If you are unfamiliar with RCE vulnerabilities, they are a worst-case-scenario. All of the worst vulnerabilities in the history of WordPress have been remote code execution vulnerabilities. They allow an attacker to execute their own code on a victim website and thereby take control of the website.
We have performed a brief analysis on the affected code in PHPMailer. To exploit this vulnerability, it appears that an attacker would need to be able to control the sender email address.
A snippet of the vulnerable code in PHPMailer and the fixes is shown below.
In the vulnerable version of PHPMailer, the sender email address is passed unescaped to a shell command. An attacker could include shell commands in the sender email that execute malicious code on a target machine or website.
What to do
We’re sending out this email as an early warning for our subscribers and customers. The WordPress core team are currently working on a fix that will be included in a WordPress core security release. There is also no word on timing but it may be as soon as within 24 hours.
Please update to the newest version of WordPress core as soon as it is released.
If you are using PHPMailer older than 5.2.18 in your own PHP applications, themes or plugins, please upgrade to PHPMailer 5.2.18 or newer immediately.
If you are a WordPress theme or plugin developer and have included your own copy of PHPMailer in your plugin or theme code, you need to update to PHPMailer 5.2.18 or newer immediately and release a fix to your customers.
More information and discussion
An issue in WP core was opened about 4 hours ago that included a patch to fix this issue. It updates WP core from using PHPMailer 5.2.14 to 5.2.19. This is just a proposed patch, not the final fix.
You can find the code changes on github showing the changes in PHPMailer to fix this issue. They make it fairly clear the issue is with the sender email address being sent to a shell command unsanitized.
A basic proof of concept exploit has also been posted to exploit-db which links to a more detailed demo of this exploit in action on github. The researcher has built their own web application which is vulnerable to this exploit, and then created an exploit for their own app. This is clearly not a real-world PoC, but it demonstrates the weakness in PHPMailer and paves the way for real-world exploits to emerge.
According to the post by the researcher who found this:
“The researcher also developed an Unauthenticated RCE exploit for a popular open-source application (deployed on the Internet on more than a million servers) as a PoC for real-world exploitation. It might be published after the vendor has fixed the vulnerabilities.”
The issue was posted to Hackaday yesterday and to The Hacker News earlier today.
It is being widely discussed on Twitter.
It is being discussed on WP Slack #forums and #core. [Login required]
Also being discussed on Hacker News.
It was posted to Reddit /r/netsec about 20 hours ago and is being discussed there.

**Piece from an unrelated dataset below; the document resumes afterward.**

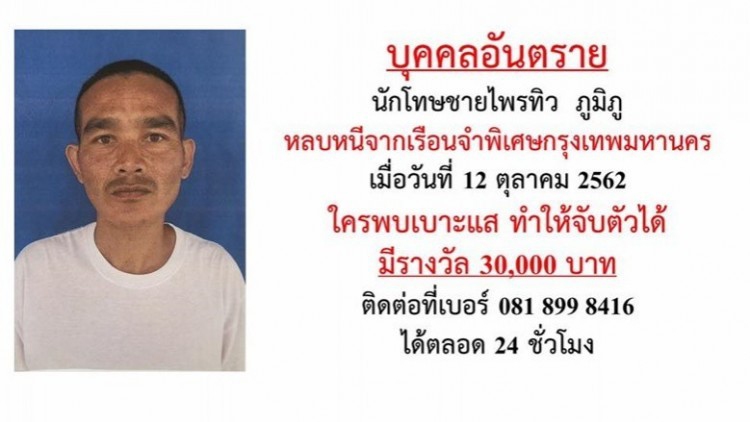 รู้ที่กบดานนักโทษแหกคุกแล้ว เร่งจับตัว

We expect it to hit mainstream press tomorrow as everyone returns to work.
Update Monday Dec 26th at 5:23pm PST: The Drupal team also released a security advisory regarding PHPMailer a few hours ago.

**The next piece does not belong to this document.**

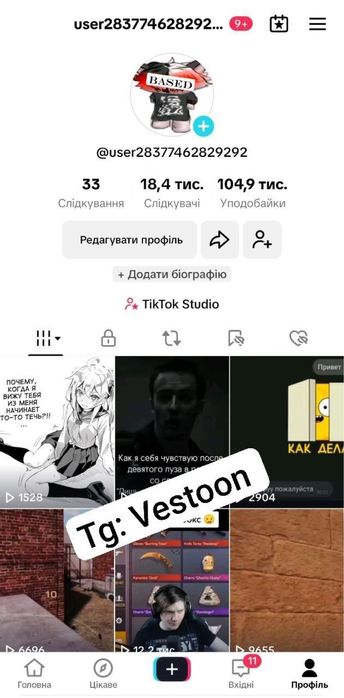 Акаунт тікток tiktok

Update Tuesday Dec 27th at 5:34am PST: The researcher has now released full details of this exploit including the specific weakness in PHPMailer that is used to gain remote code execution. They have not yet released the exploit they have for a “popular open source application”.
Update Tuesday Dec 27th at 8:14pm PST: There appear to still be security issues with PHPMailer that need to be fixed, as discussed on the oss-security mailing list.

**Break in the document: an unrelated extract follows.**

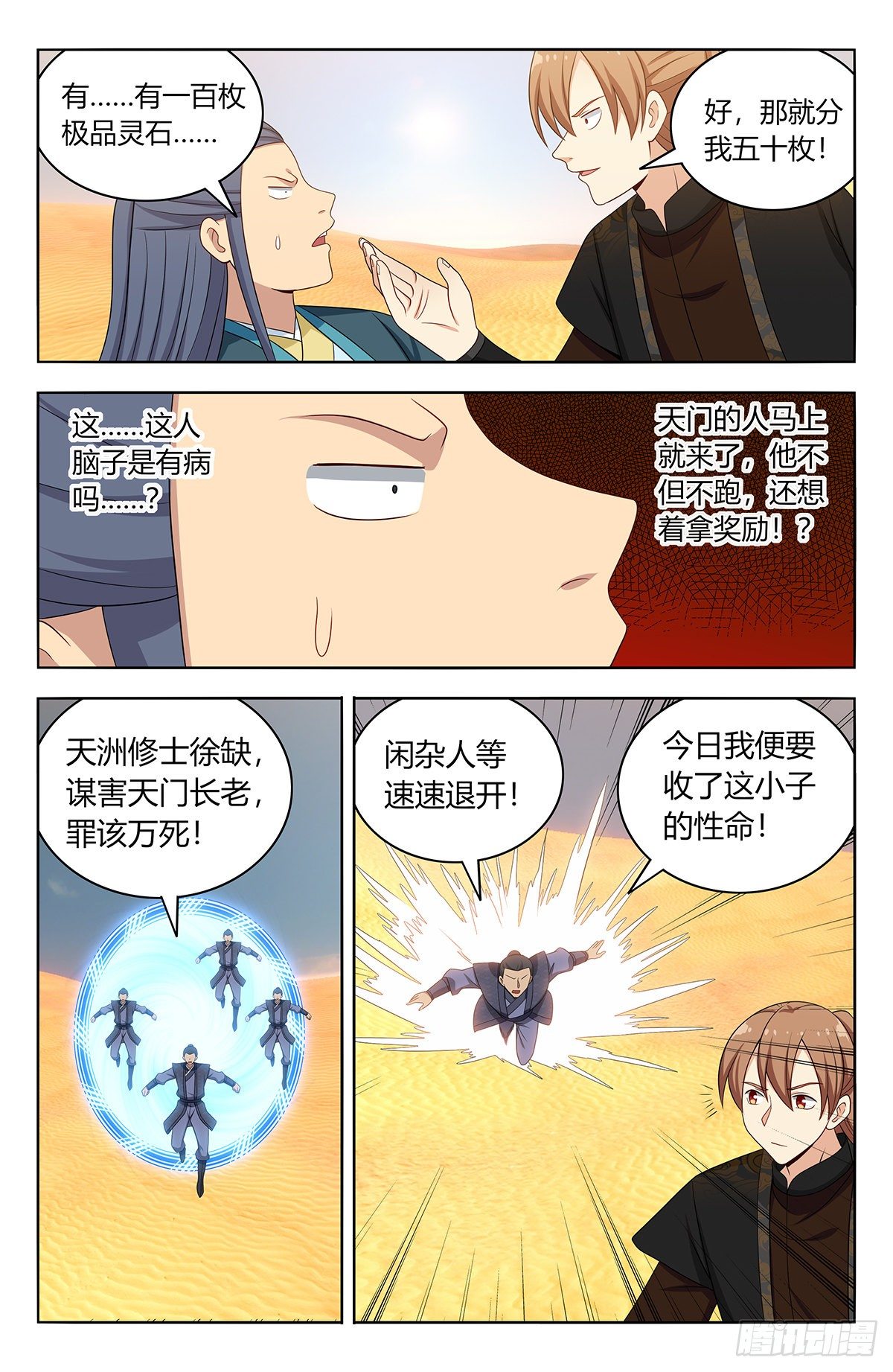 最强反套路系统韩漫全集-561天门追兵无删减无遮挡章节图片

Update Tuesday Dec 27th at 11:19pm PST: The researcher has now posted a new 0day bypass for PHPMailer v5.2.19 and older. According to the researcher, the 0 day was disclosed because there had been a public discussion on the oss-sec list about a potential bypass that made it public. Disclosing a zero day vulnerability is unusual for an ethical researcher, but in this case it’s excusable because the exploit became public through public discussion. It also helps vendors fix and test their products more effectively. So while this is unusual and potentially controversial, we think it’s an acceptable action in this case.